* [Task instructions]: In the listing below, find the line with "Navy 5-panel vented cap, front view" and the line with "Chalkboard Wood Slice Gift Tags", then return them and every line between them exactly, minus the pictures.

* [Available data]:
★ ★ ★ ★ ★

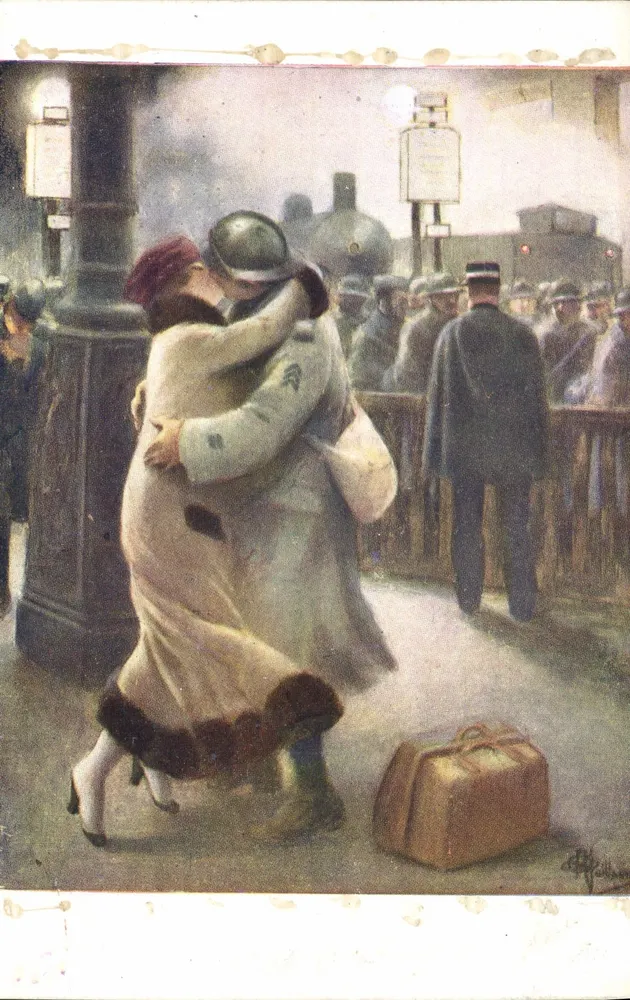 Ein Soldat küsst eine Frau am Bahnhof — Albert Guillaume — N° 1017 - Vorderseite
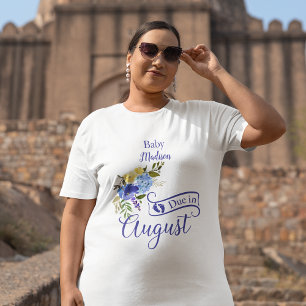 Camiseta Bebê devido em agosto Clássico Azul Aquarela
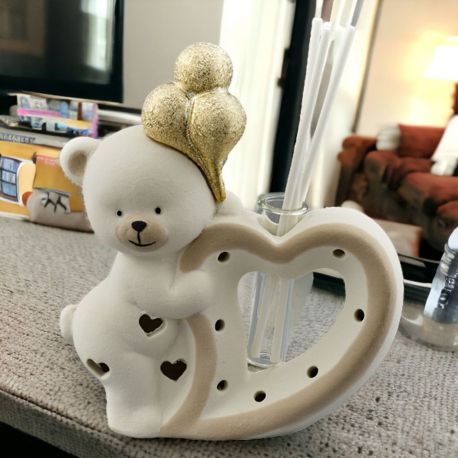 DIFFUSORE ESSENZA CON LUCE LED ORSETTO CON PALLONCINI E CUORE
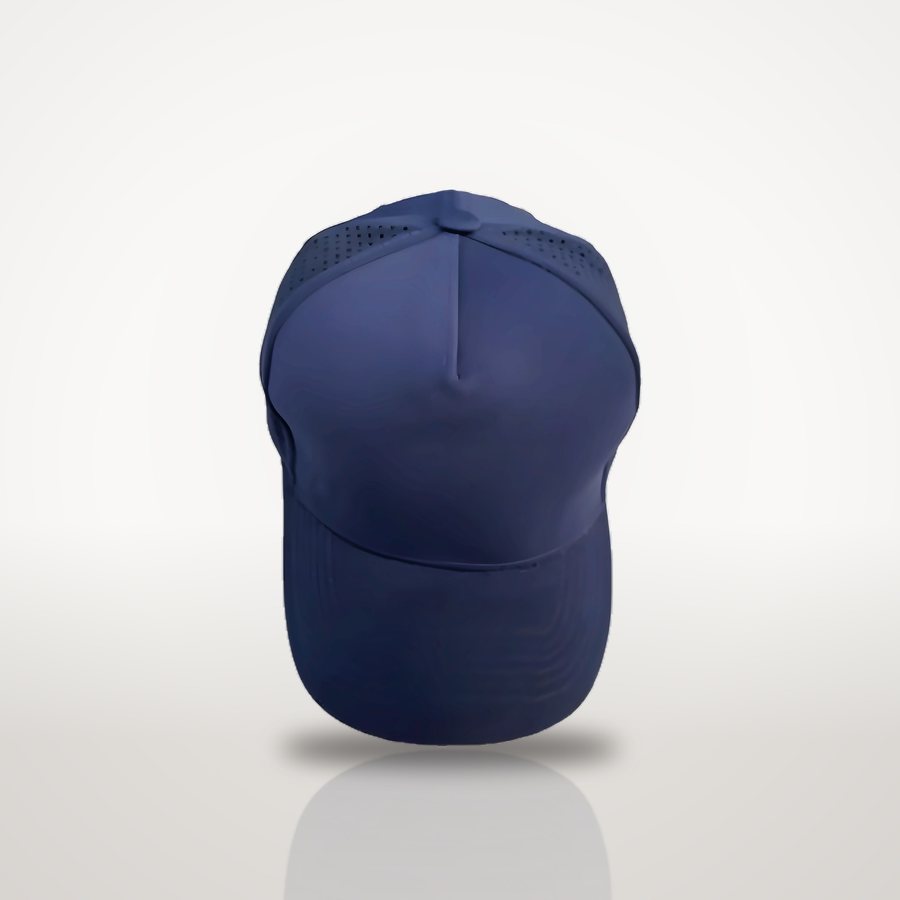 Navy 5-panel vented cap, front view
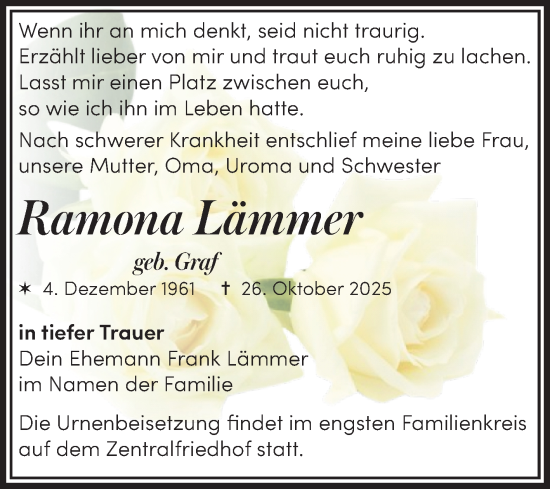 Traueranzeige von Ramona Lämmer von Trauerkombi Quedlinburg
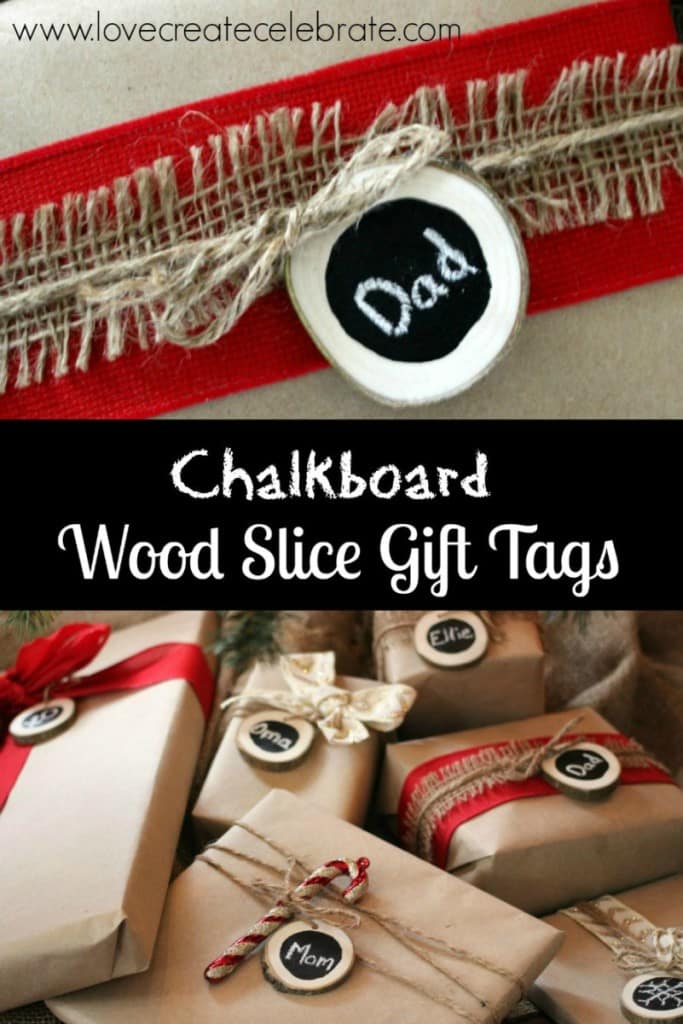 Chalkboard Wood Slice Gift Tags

★ ★ ★ ★ ★

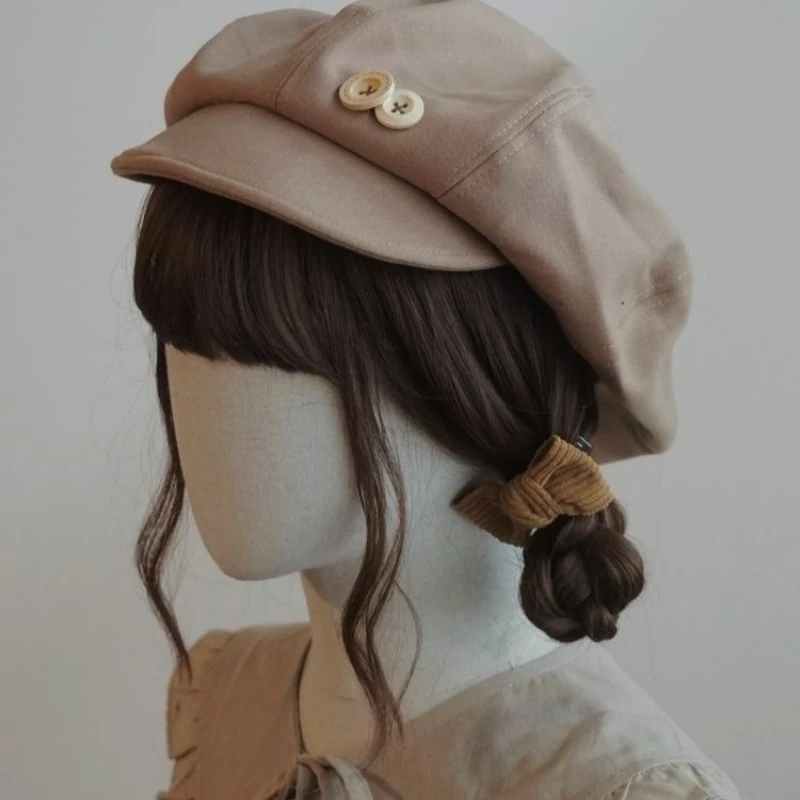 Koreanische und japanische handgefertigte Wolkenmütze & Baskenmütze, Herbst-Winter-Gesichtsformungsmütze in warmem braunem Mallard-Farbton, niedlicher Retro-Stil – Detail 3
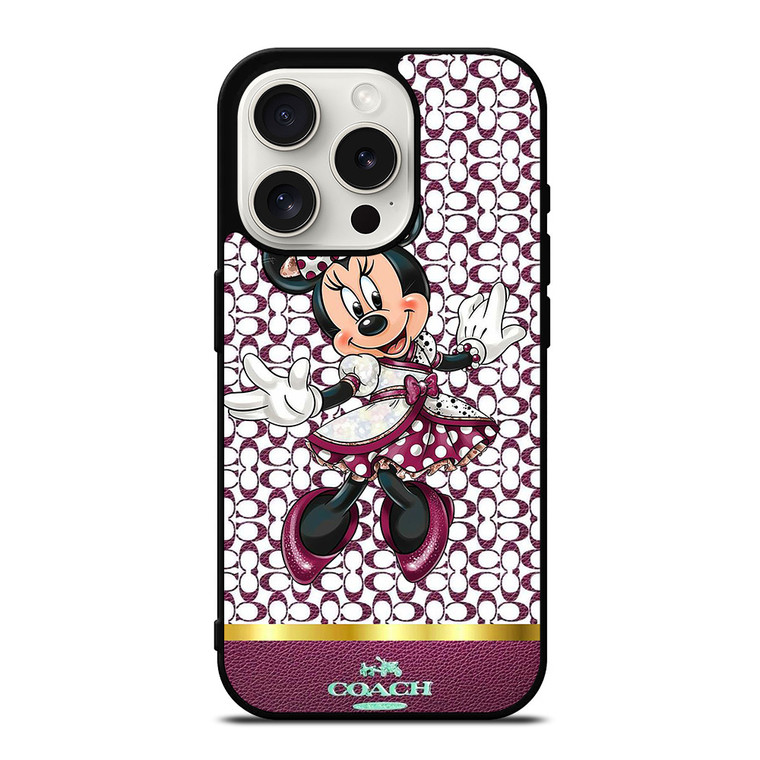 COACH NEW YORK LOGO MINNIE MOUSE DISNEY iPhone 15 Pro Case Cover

★ ★ ★ ★ ★

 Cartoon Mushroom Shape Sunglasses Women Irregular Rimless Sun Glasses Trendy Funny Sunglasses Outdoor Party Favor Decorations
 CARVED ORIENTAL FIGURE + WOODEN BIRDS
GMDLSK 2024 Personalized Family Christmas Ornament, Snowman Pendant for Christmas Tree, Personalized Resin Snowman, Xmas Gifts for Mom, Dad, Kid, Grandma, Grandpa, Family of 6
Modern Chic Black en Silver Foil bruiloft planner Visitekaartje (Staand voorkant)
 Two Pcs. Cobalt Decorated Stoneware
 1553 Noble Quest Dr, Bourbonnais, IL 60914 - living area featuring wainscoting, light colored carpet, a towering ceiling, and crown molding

★ ★ ★ ★ ★

* [Result]:
 Navy 5-panel vented cap, front view
 Traueranzeige von Ramona Lämmer von Trauerkombi Quedlinburg
 Chalkboard Wood Slice Gift Tags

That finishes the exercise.